A couple of notes here:
- Your
map
is actually only computing a single element:) That’s why it’s significantly faster.map
andbroadcast
have different behavior when the arguments are of different shapes:map
I believe falls back to the smallest common size, e.g. in this case it’s 1, so it will only call the function once, whilebroadcast
will do what you want. - When using BenchmarkTools.jl, you need to use interpolation to ensure that you’re not seeing performance decrease because of scoping issues and whatnot.
- If-statements within the function you’re broadcasting over really hampers performance. In the case of
StatsFuns.normlogdf
there are two versions of the method: 1) takes mean, std, and value, from which it computes the z-value and then finally the logpdf, 2) takes the z-value directly and computes logpdf. In (1) there are some if-statements while in (2) there are none.
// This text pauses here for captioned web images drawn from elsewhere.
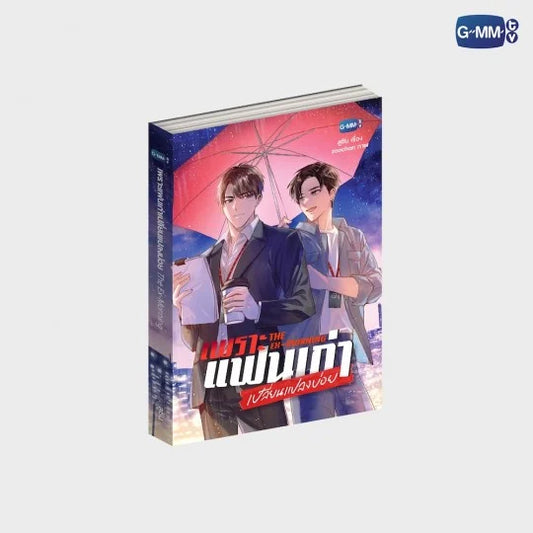 THE EX-MORNING NOVEL (THAI VERSION)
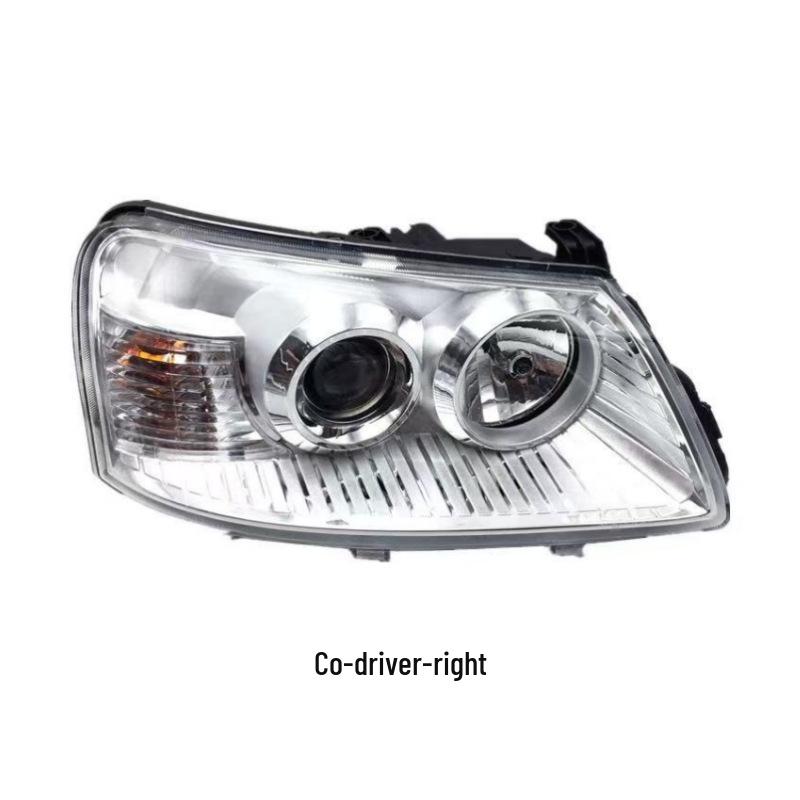 Chery 2012 Flagcloud 2 Headlight Lamp Assembly
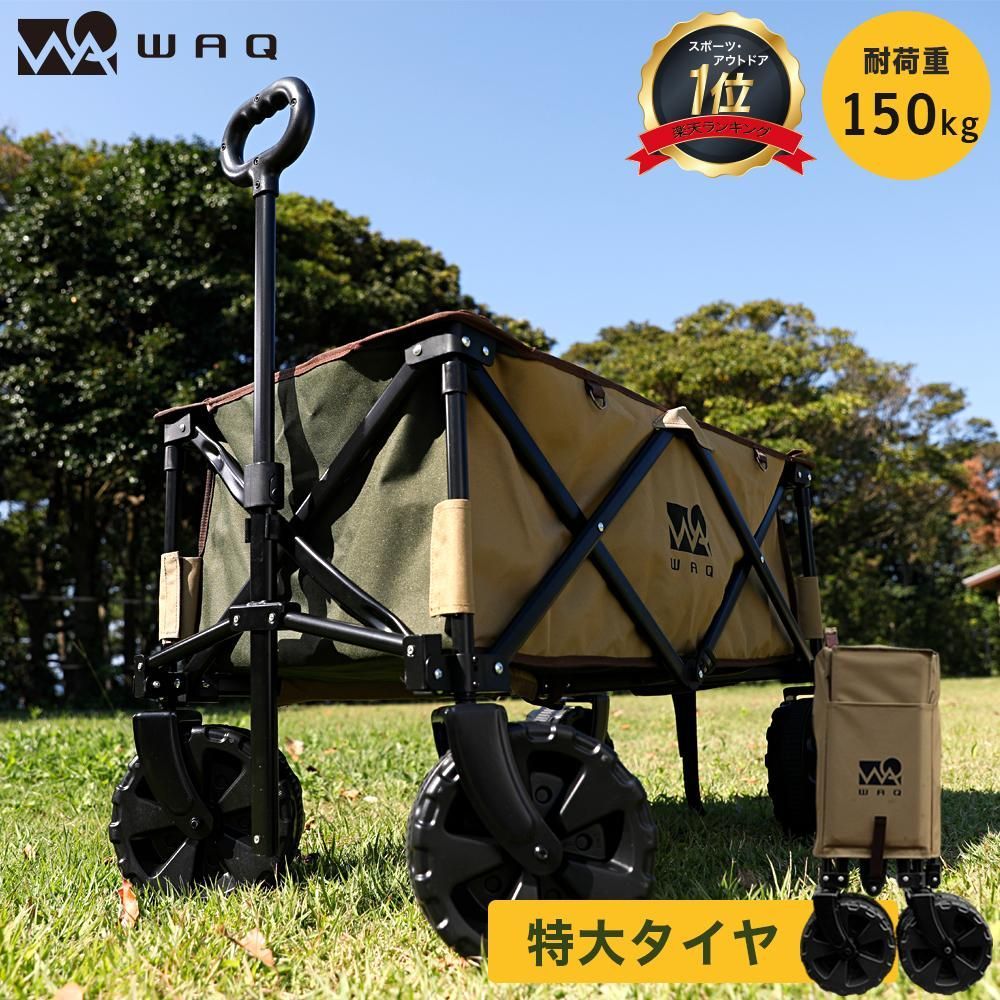 WAGON アウトドアワゴン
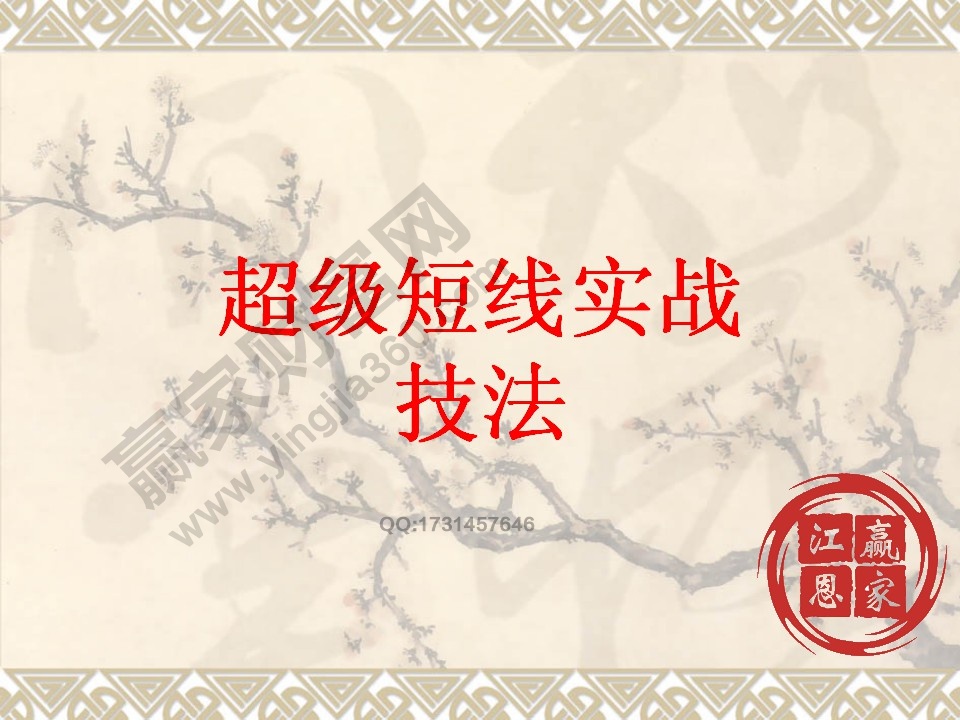 超級短線實戰技法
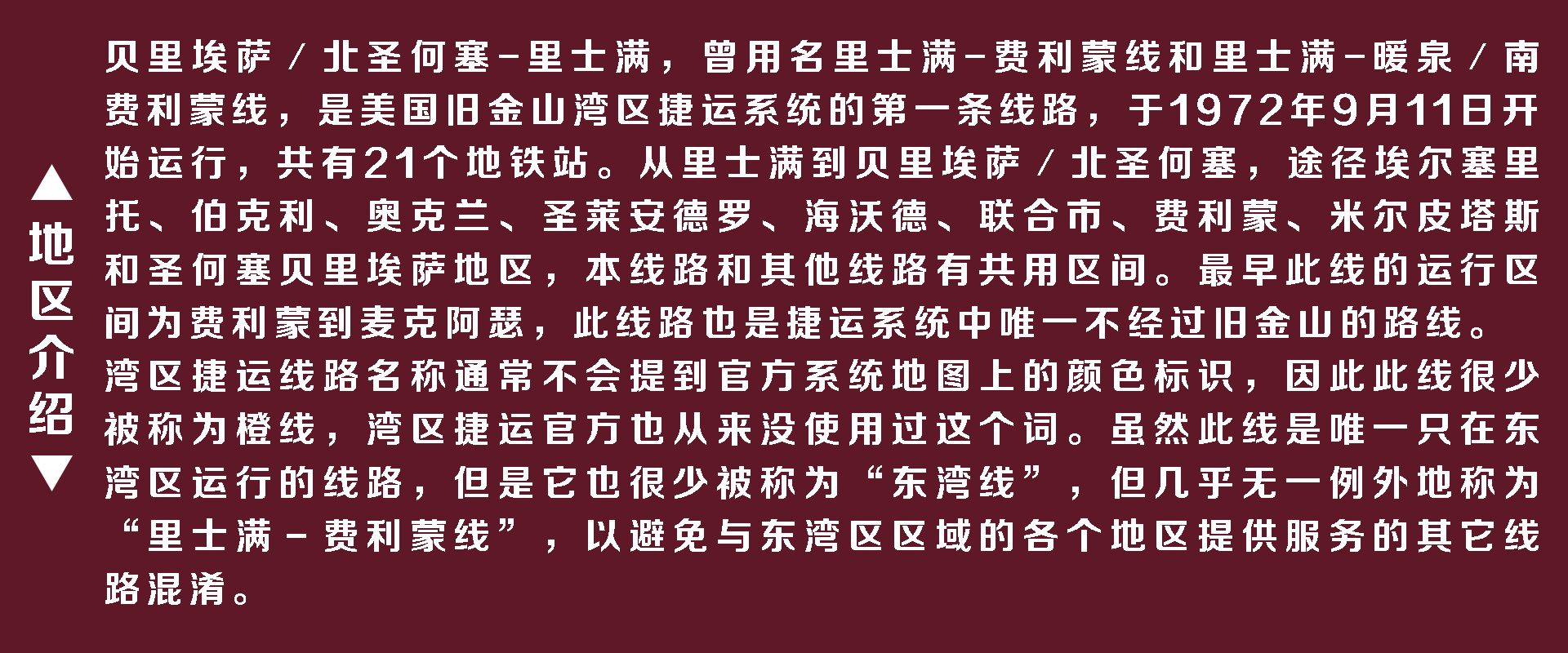 圣荷西，貝里埃薩商城開發(fā)建案，地區(qū)介紹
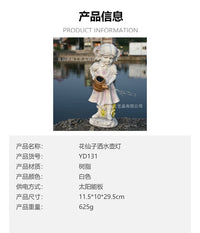 跨境太阳能灯户外天使摆件树脂工艺品花园庭院装饰小女孩水壶摆件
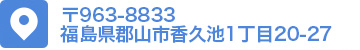〒963-8833
福島県郡山市香久池1丁目20-27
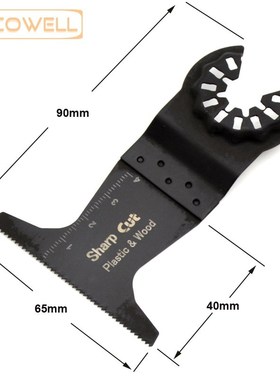/30% Off 26pcs Starlock Oscillating Multi Tool Saw Blades Re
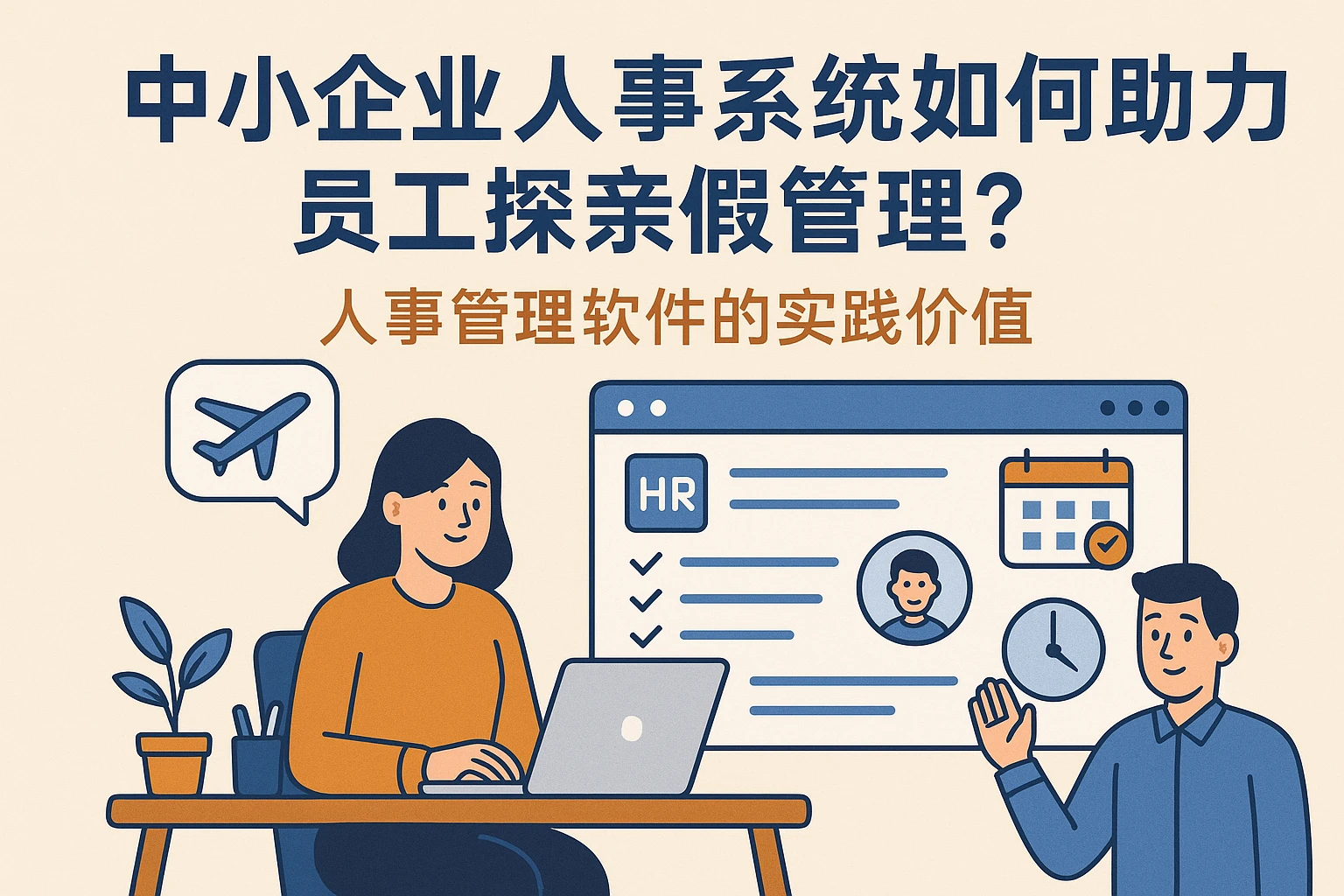 中小企业人事系统如何助力员工探亲假管理？人事管理软件的实践价值
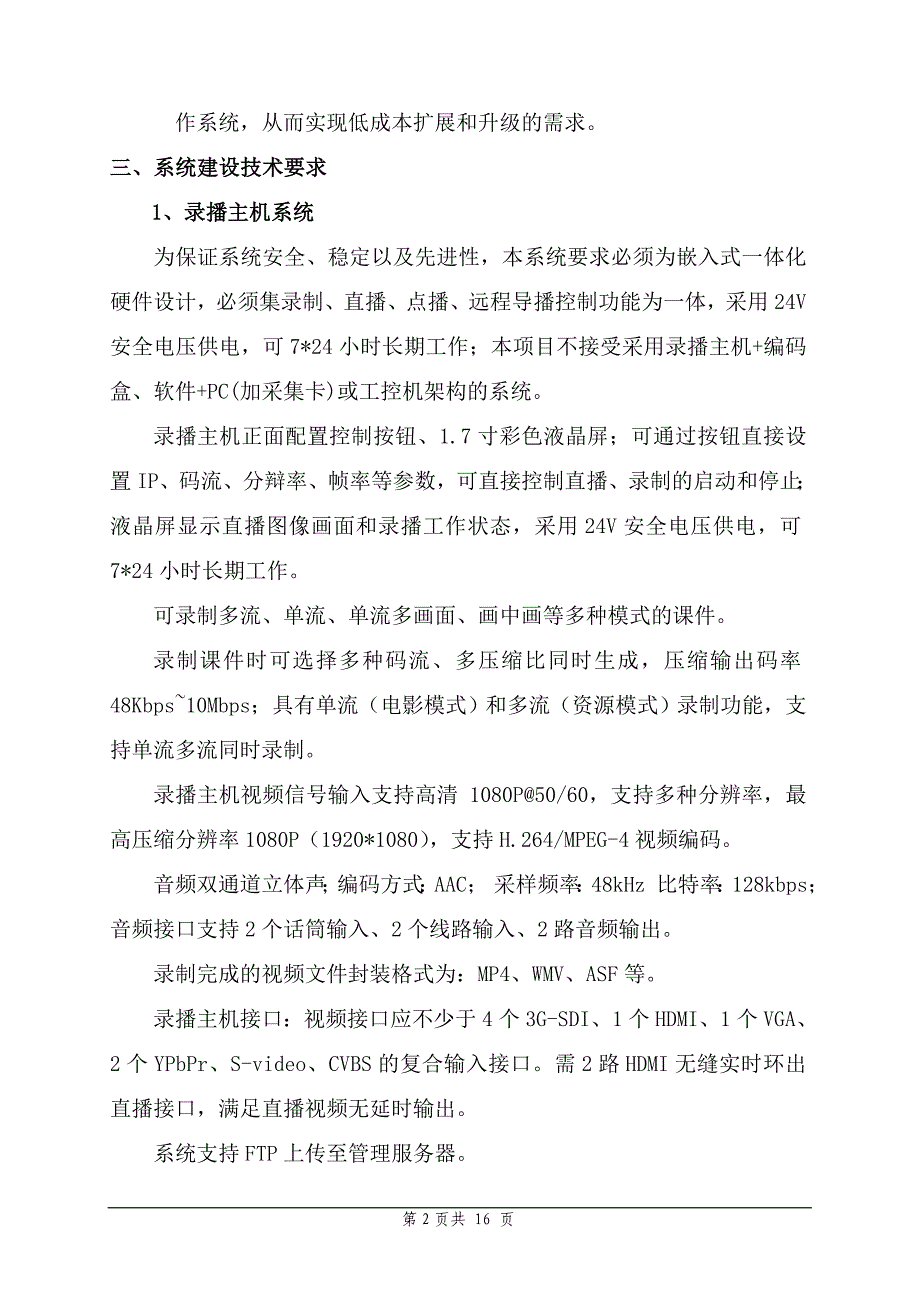 高清自动录播一体化系统项目_第2页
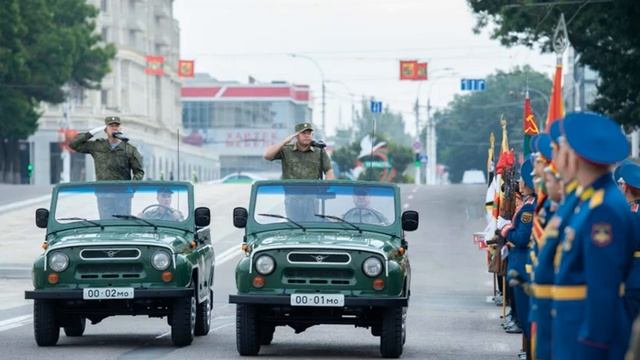 День Республики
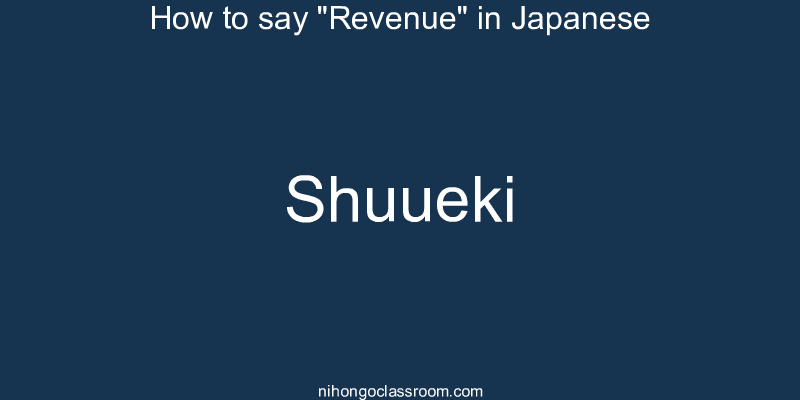 How to say "Revenue" in Japanese shuueki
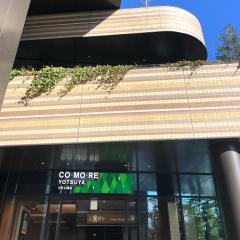 レックス四谷マンション スーパー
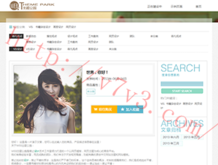 下载澳门六:和彩开奖2020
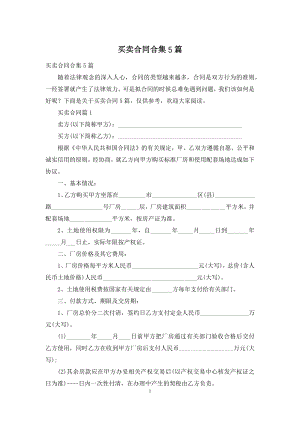 买卖合同合集5篇.docx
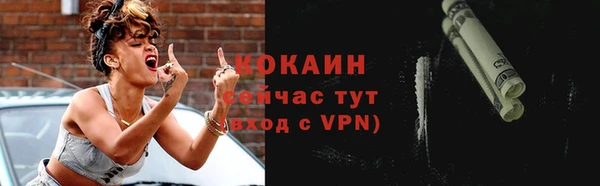 каннабис Козловка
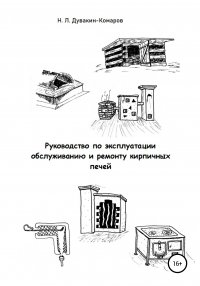 Книга Николай Львович Дувакин-Комаров Руководство по эксплуатации, обслуживанию и ремонту кирпичных печей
As a result, (2) will be muuuuch faster when broadcasted/vectorized. - Tullio.jl can’t derive the gradients automatically when the RHS include “complex” function calls, e.g.
StatsFuns.normlogpdf
. So in this particular case you probably shouldn’t use it.
All in all, your example should be something like:
using Tullio, CUDA
X = rand(960*950);
Y = rand(960*950);
sig = 1.0
f(X, Y, sig) = sum(StatsFuns.normlogpdf.(X, sig, Y))
g(X, Y, sig) = @tullio lp = StatsFuns.normlogpdf(X[i], sig, Y[i])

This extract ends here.